Hay proposed that western gays take “a hand-up example from our potential allies” in other cultures, and went as far as to suggest:

“...that we Gay Men of all colours prepare to present ourselves as the gentle non-competitive Third Gender men of the Western World with whole wardrobes and garages crammed with cultural and spiritual contributions to share.”

One of those talents, as identified by Hay, is gay men's capacity for what he called subject-SUBJECT Consciousness, the natural occurrence of what Edward Carpenter had called a “new power of perception corresponding to the blending of subject and object in consciousness.”

Hay wrote:

“The way out of our comprehensional stalemate, the quagmire into which the Binary inheritances of our brain-training and our cultural superstructure have hurled us.... Humanity must expand its experience to thinking of another, that other, not as object – to be used, to be manipulated, to be mastered, to be consumed – but as subject, as another like him/her self, another self to be respected, to be appreciated, to be cherished.”

He called out: “Brothers and Sisters, isn't it about time we started to tell our parent Society who we really are? Isn't it about time we helped them to understand that rather than being merely a sexual variation of them, in all other senses exactly the same of they, we are a Separate People with, in several measurable respects, a rather different window on the world, a different consciousness, which may be triggered into being by our lovely sexuality?”

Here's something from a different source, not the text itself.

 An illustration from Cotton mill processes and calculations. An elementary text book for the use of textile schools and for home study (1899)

But Hay understood there was a hurdle to overcome:

“...before we can do that, before we can tell them who we are, we shall have to begin telling each other. Up to now it's been easier to march in the streets and scream and holler than it has been to sit in a circle and examine and evaluate. It's been easier to pretend we're really almost the same as everyone else, although we don't fool the Heteros for a minute, than it is to dig and dig into the bicameral subterranean channels of collective memory – a cataloguing and a collecting we've been avoiding like the plague....

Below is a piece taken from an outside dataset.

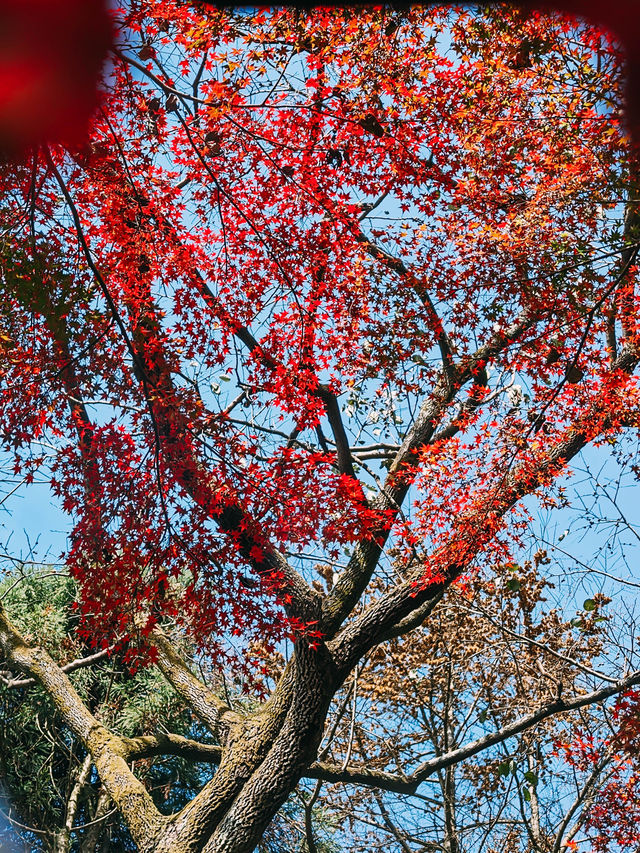 親測更新｜莫干山賞楓私藏路線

“Our lovely and talented Gay Community with an enormous 100,000 year history of discovery and largely selfless contribution, our Minority of Ducks-in-whatever-henhouse-of-Chickens-they-were-inadvertently-born-into knows that we as a Separate People comprise a total deviation of consciousness that is not to be reduced by the nasty sexual drooling of dirty legalistic inferior minds.” From speech at 1986 March on Washington

The quest for spiritual understanding of TRANS nature has actually been underway for some time too, in the work of people like Kate Bornstein (Gender Outlaw: On Men, Women, and the Rest of Us ), Lesley Feinberg (Transgender Warriors: Making History from Joan of Arc to Dennis Rodman) and Raven Kaldera, who in their epic work Hermaphrodeities, says

“Transgendered people have long been robbed of their own spiritual history, not knowing that there were once times and places where ours was considered a spiritual path in and of itself. This book explores both our spiritual history and our modern predicaments, shaping the outline of a contemporary spiritual path for those of us who don't fit into just one gender box... Hermaphrodeities features third gender myths, deities, personal and group exercises, community service project suggestions, rituals, and interviews with people from all over both the transgender spectrum. We are all sacred and it is time that the world knew it.”

In the late 19th century Edward Carpenter had also had a sense of the long, mysterious, hidden journey of queer nature through history, and it's true spiritual qualities. In his collection of mystical poetry 'Towards Democracy' he left us this gem:

O Child of Uranus

O child of Uranus, wanderer down all times,
Darkling, from farthest ages of the Earth the same
Strange tender figure, full of grace and pity,
Yet outcast and misunderstood of men-

Thy Woman-soul within a Man's form dwelling,
[Was Adam perchance like this, ere Eve from his side was
drawn?]
So gentle, gracious, dignified, complete,
With man's strength to perform, and pride to suffer without sign,
And feminine sensitiveness to the last fibre of being;
Strange twice-born, having entrance to both worlds-
Loved, loved by either sex,
And free of all their lore!

I see thee where down all of Time thou comest;
And women break their alabaster caskets, kiss and anoint thy
feet, and bless the womb that bare thee,
While in thy bosom with thee, lip to lip,
Thy younger comrade lies.

Lord of the love which rules this changing world,
Passing all partial loves, this one complete - the Mother love
and sex emotion blended-
I see thee where for centuries thou hast walked,
Lonely, the world of men
Saving, redeeming, drawing all to thee,
Yet outcast, slandered, pointed of the mob,
Misjudged and crucified.

Dear Son of heaven - long suffering wanderer through the
wilderness of civilisation-
The day draws nigh when from these mists of ages
Thy form in glory clad shall reappear.

Once the homophobic lies of religion are rejected and the spiritual dimension of human consciousness is accepted and addressed, the sacred aspects of queer nature start to shine forth . This has an effect on material reality too - The Gay Liberation Movement of the 1970s had a strong sense of purpose – the GLF manifesto called for the dismantling of rigid gender roles and the oppression of the nuclear family. Queers question and challenge the rigid norms of society, and have long explored communal ways of living - from ancient times in temples, medieval monasteries, theatrical groups, and more recently in radical faerie sanctuaries.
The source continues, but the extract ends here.